# Wie spricht man den Namen richtig aus???



## axl65 (30. Dezember 2004)

Ich weiss nicht genau,wie man den Namen"CUBE"richtig ausspricht???Muss man es Englisch sagen"CJUB"oder einfach und schnöde Deutsch"CUBE"???
Oh helft mir unwissendem!!!Bitte!!!


----------



## tofferl (31. Dezember 2004)

ich hab bis jetzt noch nie etwas anderes als die englische aussprache gehört, also würde ich sagen "Cjub" aber warum ist das denn so wichtig?


----------



## MTB-News.de




----------



## axl65 (31. Dezember 2004)

tofferl schrieb:
			
		

> ich hab bis jetzt noch nie etwas anderes als die englische aussprache gehört, also würde ich sagen "Cjub" aber warum ist das denn so wichtig?

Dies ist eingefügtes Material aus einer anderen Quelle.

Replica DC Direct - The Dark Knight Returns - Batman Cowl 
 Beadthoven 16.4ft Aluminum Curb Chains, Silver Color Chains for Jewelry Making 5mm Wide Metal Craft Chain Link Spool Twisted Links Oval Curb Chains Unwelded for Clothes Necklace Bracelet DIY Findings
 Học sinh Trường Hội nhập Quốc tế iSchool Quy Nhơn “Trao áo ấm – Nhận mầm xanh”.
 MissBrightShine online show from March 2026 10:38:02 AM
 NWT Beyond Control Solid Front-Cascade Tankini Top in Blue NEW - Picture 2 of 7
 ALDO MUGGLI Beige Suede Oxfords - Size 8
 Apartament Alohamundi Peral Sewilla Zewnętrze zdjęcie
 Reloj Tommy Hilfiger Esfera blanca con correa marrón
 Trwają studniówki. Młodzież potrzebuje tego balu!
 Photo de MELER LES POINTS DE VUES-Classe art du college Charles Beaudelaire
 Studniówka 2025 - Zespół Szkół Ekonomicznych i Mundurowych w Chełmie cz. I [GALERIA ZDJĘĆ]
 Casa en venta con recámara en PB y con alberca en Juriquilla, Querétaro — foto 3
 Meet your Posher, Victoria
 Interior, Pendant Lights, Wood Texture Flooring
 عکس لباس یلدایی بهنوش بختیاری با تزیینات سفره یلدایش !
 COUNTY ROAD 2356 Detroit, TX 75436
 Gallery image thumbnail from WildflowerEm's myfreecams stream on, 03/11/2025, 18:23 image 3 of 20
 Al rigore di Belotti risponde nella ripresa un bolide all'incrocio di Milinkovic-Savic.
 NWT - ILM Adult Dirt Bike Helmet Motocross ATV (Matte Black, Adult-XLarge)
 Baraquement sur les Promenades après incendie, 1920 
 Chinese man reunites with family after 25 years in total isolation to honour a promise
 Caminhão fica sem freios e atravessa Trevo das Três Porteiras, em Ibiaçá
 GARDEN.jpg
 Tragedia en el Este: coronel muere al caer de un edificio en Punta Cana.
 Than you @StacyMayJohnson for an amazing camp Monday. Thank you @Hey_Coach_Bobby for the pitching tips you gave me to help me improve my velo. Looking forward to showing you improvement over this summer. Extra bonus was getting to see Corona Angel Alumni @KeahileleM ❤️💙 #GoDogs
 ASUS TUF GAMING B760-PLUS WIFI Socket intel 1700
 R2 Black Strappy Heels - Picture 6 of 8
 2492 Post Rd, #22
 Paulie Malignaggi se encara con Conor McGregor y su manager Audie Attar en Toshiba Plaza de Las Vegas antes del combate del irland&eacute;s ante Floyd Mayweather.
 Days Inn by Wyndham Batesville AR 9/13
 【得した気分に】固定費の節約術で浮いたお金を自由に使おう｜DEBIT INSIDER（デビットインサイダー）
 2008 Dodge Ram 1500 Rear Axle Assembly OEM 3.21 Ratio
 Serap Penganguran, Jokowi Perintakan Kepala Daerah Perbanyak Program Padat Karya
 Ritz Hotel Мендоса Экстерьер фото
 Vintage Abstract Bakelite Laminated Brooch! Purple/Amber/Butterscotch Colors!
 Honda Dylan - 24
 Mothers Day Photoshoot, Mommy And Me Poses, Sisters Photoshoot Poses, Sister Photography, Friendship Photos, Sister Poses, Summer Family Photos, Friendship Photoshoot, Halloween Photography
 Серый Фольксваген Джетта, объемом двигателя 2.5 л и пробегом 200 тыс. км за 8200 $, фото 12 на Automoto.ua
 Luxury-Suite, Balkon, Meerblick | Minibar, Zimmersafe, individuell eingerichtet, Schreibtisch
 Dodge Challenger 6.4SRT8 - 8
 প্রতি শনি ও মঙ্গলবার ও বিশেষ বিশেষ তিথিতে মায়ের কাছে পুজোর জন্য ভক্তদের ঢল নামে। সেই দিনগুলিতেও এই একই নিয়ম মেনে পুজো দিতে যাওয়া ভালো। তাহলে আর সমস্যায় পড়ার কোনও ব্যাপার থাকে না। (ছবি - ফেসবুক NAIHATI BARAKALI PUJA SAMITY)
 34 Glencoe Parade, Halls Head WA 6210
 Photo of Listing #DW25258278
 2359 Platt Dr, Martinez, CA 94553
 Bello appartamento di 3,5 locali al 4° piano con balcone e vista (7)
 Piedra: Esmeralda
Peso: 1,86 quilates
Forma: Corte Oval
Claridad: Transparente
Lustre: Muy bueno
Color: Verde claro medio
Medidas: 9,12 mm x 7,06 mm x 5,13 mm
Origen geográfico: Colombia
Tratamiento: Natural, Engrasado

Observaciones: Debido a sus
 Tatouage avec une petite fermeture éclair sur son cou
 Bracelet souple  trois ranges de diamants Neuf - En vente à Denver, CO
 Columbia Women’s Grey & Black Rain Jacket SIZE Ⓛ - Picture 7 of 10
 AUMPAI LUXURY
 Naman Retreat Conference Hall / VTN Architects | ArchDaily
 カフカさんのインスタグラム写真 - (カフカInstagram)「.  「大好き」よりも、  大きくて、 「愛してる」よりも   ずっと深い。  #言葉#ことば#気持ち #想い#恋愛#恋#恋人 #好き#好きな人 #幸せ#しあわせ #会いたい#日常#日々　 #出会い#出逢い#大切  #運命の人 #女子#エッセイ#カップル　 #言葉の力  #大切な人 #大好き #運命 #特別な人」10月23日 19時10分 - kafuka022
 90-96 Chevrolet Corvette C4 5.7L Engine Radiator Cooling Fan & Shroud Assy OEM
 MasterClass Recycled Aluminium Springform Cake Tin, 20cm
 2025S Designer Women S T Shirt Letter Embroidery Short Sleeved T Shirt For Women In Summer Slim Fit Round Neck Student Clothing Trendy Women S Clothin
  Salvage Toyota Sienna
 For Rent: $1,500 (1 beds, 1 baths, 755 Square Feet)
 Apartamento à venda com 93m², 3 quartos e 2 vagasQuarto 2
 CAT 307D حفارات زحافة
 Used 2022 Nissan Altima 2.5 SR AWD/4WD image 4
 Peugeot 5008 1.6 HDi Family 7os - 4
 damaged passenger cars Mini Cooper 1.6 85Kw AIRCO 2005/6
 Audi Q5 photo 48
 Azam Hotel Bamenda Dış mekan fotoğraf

Es interessiert mich eben!Und ich möchte mich da,falls es mal dazu kommt,schon richtig ausdrücken!


----------



## dubbel (31. Dezember 2004)

das ist doch eine firma mit französischem stammsitz. 
"Sssüüüb" wird das ausgesprochen.


----------



## pefro (31. Dezember 2004)

dubbel schrieb:
			
		

> das ist doch eine firma mit französischem stammsitz.
> "Sssüüüb" wird das ausgesprochen.



Du verwechselst da ne Feinheit, nicht französisch -> sondern fränkisch, also wirds "kup" ausgesprochen.

Gruß
Peter


----------



## kathrinchen (31. Dezember 2004)

axl65 schrieb:
			
		

> Ich weiss nicht genau,wie man den Namen"CUBE"richtig ausspricht???Muss man es Englisch sagen"CJUB"oder einfach und schnöde Deutsch"CUBE"???
> Oh helft mir unwissendem!!!Bitte!!!



Wenn das wirklich eines Deiner drängensten Probleme ist, kannst Du Dir meines uneingeschränkten Neides auf Dich wirklich sicher sein.
Ich denke wenn Du in einen Fahrradladen gehst und nach einem [Cyb](französisch), [Cjub](englisch) oder einem [Kube](deutsch) fragst ist das völlig schnuppe. Der Verkäufer wird Dich garantiert nicht auslachen, wenn`s falsch ist und er weiß trotzdem was Du willst.


----------



## BiermannFreund (31. Dezember 2004)

Und ich denke mal die englische Aussprache, also "KJUP" is am gängigsten und am wenigstens Lachgefärdet 
Kenn das auch nur so, denke mal es wird scho was mit dem Würfel gemein haben *G*


----------



## axl65 (31. Dezember 2004)

kathrinchen schrieb:
			
		

> Wenn das wirklich eines Deiner drängensten Probleme ist, kannst Du Dir meines uneingeschränkten Neides auf Dich wirklich sicher sein.
> Ich denke wenn Du in einen Fahrradladen gehst und nach einem [Cyb](französisch), [Cjub](englisch) oder einem [Kube](deutsch) fragst ist das völlig schnuppe. Der Verkäufer wird Dich garantiert nicht auslachen, wenn`s falsch ist und er weiß trotzdem was Du willst.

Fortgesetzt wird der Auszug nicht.